Organizational structures need to make room for introverts. With the exception of a few pockets such as R&D and accounting most functions within a company seem to be driven with an extrovert-like attitude. But not all people are social. Many are introverts and don’t necessarily want to socialize and focus on external matters. What about them?

Introverts must learn to turn on the switch. Far too many meetings either take too long or should never have taken place at all. The matters could have been dealt with in more effective ways than a meeting. Introvert or not. 

But when I need to interact with others in the physical world, I have trained myself to turn on a switch that allows me to be a good networker (ask questions, focus on the other person) and deliver good talks. I would actually argue that introverts are capable of becoming better networkers than most other people because we are more likely to define a purpose and execute on this before we interact like this.

We need to develop the softer skills. Yes, it is kind of a cliché that soft skills such as networking, communication and “people skills” are really the hard skills, but this does not change the fact that too many companies fail to educate their employees on this. More importantly; they don’t give the employees the time needed to develop these skills. Those who want to succeed in the social era need to change this.

Social media works well for introverts. You can “hide” and still have a strong voice in your community or industry. This is one reason that I spent so much time with social media. It is a great way to communicate and since there is so much input (some call this information overload), it gives you plenty of opportunities to reflect on what is happening and thus build further on your own thoughts and ideas. Social media makes it easier for introverts to become more social. It is a win for everyone.

Introverts can challenge the crowd. Since most introverts shy away from the crowd, they often see the crowd in a different perspective. We need all perspectives when we work with innovation and good innovation leader make an effort to recognize this and thus pay extra attention to listen to the more “quiet” introverts.

 

Lindegaard’s comments should be challenging to traditional organizational development thought. He almost goes so far as to recommend diversity strategies to balance personality types in work groups. Furthermore, he portrays as valuable the tension between thinking and communication, solitary productivity vs group performance. Think about these concepts and your own organization. Consider how you may better organize yourselves to be more innovative. 

Sales Shifts Into 21st Century Mode

People wonder what will become of the sales profession in the new, creative economy. Some suppose that most transactions will be done online, without the interpersonal component that has existed since at least the Industrial Revolution. Few expect the demand, however, for sales folks to increase. Yet, in an article for Inc. magazine, Geoffrey James (the Sales Source columnist for the online magazine) shares some findings of a project he has conducted over a two year period with his peer, Howard Stevens. Reports on the project are available for free on the Chally website (HERE), so if you’re interested, you might want to download them (especially since there’s no guarantee they’ll be free forever.)

1. The Web will make salespeople MORE important.

Conventional wisdom says that the ability of customer to research products and buy them online should make salespeople less important. It turns out that the opposite is the case, and companies are hiring more salespeople than ever.

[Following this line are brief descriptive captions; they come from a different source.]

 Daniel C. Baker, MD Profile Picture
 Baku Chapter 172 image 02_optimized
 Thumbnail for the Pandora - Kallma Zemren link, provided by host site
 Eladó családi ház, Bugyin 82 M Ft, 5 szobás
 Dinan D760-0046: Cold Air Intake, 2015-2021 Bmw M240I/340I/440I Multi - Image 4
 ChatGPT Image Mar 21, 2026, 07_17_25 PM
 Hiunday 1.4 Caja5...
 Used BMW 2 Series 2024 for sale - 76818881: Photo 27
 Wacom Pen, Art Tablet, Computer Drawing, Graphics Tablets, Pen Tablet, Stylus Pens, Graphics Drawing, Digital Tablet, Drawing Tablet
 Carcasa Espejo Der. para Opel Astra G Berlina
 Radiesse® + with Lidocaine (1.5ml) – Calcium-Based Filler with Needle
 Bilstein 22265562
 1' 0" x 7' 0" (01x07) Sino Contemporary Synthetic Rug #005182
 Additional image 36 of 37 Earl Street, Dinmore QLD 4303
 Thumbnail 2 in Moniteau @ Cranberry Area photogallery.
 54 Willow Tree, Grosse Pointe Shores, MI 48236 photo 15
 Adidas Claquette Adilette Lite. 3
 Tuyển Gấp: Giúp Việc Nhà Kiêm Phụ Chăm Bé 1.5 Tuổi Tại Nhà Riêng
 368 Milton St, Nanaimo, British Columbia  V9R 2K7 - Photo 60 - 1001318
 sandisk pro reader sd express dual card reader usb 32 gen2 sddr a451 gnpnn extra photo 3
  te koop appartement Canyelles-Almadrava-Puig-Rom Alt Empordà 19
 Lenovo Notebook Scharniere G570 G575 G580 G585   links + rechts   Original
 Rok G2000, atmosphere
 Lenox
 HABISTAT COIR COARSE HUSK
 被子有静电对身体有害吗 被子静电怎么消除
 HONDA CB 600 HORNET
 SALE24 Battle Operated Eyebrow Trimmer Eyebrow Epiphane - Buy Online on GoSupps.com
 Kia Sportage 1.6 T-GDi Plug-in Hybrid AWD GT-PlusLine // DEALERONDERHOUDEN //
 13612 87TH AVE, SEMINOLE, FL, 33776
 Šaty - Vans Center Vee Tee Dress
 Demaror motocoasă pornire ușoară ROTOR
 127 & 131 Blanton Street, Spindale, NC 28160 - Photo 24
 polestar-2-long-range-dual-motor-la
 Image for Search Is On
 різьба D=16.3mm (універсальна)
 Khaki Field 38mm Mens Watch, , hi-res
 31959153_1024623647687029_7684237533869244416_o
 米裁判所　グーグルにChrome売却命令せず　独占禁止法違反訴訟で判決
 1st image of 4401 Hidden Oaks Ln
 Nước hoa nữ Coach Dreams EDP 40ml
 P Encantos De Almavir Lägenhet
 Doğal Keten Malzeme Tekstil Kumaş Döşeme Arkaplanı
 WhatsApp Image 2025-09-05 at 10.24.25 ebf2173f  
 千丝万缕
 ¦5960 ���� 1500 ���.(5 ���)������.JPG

However, customers expect much more of the salespeople who contact and work with them. Customers now expect salespeople to have a expert’s view of the customer’s business, act as a manager of some crucial part of the customer’s business, and be effective at protecting the customer’s interests within the vendor organization.

2: Sales jobs will become further differentiated and specialized.

Conventional wisdom says that the best sales professionals are hard-driving mavericks who can drum up business, develop opportunities, and close deals like crazy. However,  according to Chally’s research, there is no “one size fits all” salesperson any longer.

While some sales jobs may demand the stereotypical “go-getter” behavior, other jobs favor employees with less showy strengths, like strong analytical skills, the ability to empathize with customer problems, or a deep understanding of complex business issues.

3. Universities and colleges will offer more courses on selling.

Conventional wisdom is that top sales professionals don’t need anything other than a high school diploma (if that) in order to sell. However, because selling is becoming more specialized, U.S. firms alone are spend $7.1 billion on sales training every year.

Given the demand, colleges are now ramping up dozens of sales-oriented business classes, many of which are producing exceptional graduates who “ramp up” 50% faster than the average candidate, and are 35% less likely to leave their employer.

4. Selling will be less of an art and more of a science.

Conventional wisdom says that sales is an art (aka “black magic”) that’s only measured by your financial results at the end of the quarter or fiscal year. However, sales-oriented technologies have now made it possible to use science to increase sales performance.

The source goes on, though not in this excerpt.